Identification and quantification of major lipid biomarkers in deep-sea sediments have been features of many Ocean Drilling Program (ODP) and Deep Sea Drilling Project (DSDP) studies. Compilation of this data has allowed molecular stratigraphic studies to elucidate the origin of sedimentary organic matter and the influence of water-column and postdepositional diagenesis and to determine various proxy signals of paleoenvironmental parameters (e.g., Brassell et al., 1981, 1986a; ten Haven et al., 1990, 1992; Farrimond et al., 1990; Poynter et al., 1989; Repeta et al., 1992).
Coastal upwelling systems provide environments well suited to biomarker analysis owing to elevated photic zone primary productivity, causing high sedimentation rates of organic matter-rich material. Preservation of the organic matter may be enhanced by rapid incorporation into the sedimentary matrix, limiting the length of time labile lipids are exposed to oxygen (Hartnett et al., 1998; Müller and Suess, 1979). Upwelling regimes of the Atlantic and Pacific Oceans and the Arabian Sea have been studied for their biomarker distributions in previous ODP and DSDP Legs (see ten Haven et al., 1992, for a review). The Benguela Current system (BCS) represents the eastern boundary of the South Atlantic gyre and is analogous to the eastern boundary currents off California, Peru, and northwest Africa. Cold, nutrient-rich South Atlantic Central Water is upwelled in the BCS off Namibia owing to the southeasterly trade wind-driven Ekman transport (Dowsett and Willard, 1996; Shannon, 1985). The BCS was previously studied for organic molecular parameters during DSDP Legs 40 and 75. These and other studies of the BCS have tended to concentrate on sediments deposited on Walvis Ridge and in Walvis Bay (e.g., Boon and de Leeuw, 1979). The Walvis sediments are displaced northward from the intense upwelling cells that occur off Lüderitz, where filaments of cold, nutrient-rich waters from the coastal upwelling area extend well off shore and mix with low-productivity oceanic water, forming a zone of year-round high phytoplankton productivity (Lutjeharms and Stockton, 1987). Site 1084 is located within the zone of year-round high phytoplankton productivity (25°31´S, 13°2´E, North Cape Basin), and the high organic carbon contents and high sedimentation rates have led to suboxic conditions (Wefer, Berger, Richter, et al., 1998).

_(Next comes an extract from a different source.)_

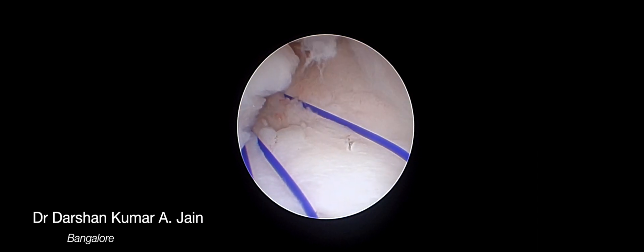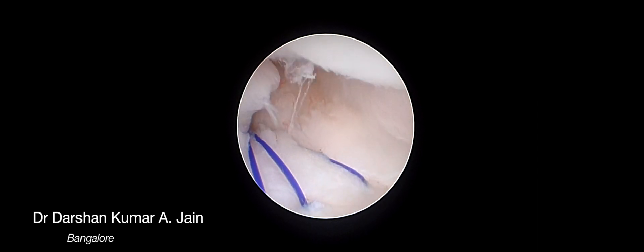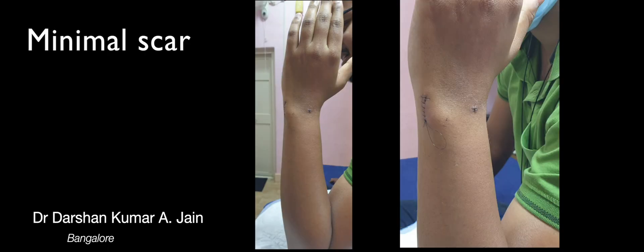Once the sutures are passed, they are tensioned and adequate tension at the TFCC is noted, meaning the repair is good and a good closure can be achieved.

Micropaleontological, geochemical, and molecular reconstructions of the late Neogene history of the BCS indicate that the intensity of upwelling has fluctuated in accordance with the oscillations of the global climate system (Hinrichs et al., 1999; Kirst et al., 1999; Summerhayes et al., 1995) with an underlying trend toward intensification since the mid-Pliocene (Berger et al., 1998; Diester-Haass et al., 1992; Hay and Brock, 1992; Lange et al., 1999; Marlow et al., 2000; Meyers, 1992).
In this study we have analyzed two samples from upper and lower cores of Hole 1084A for lipid biomarkers. The biomarker data allow a preliminary assessment of how the intensification of upwelling and depth/time-dependent diagenetic transformations may have influenced the input and preservation of the major lipid biomarkers present in the sediments. In addition, identifying and quantifying the major biomarkers for Hole 1084A will add to the inventory of data for further molecular stratigraphic studies.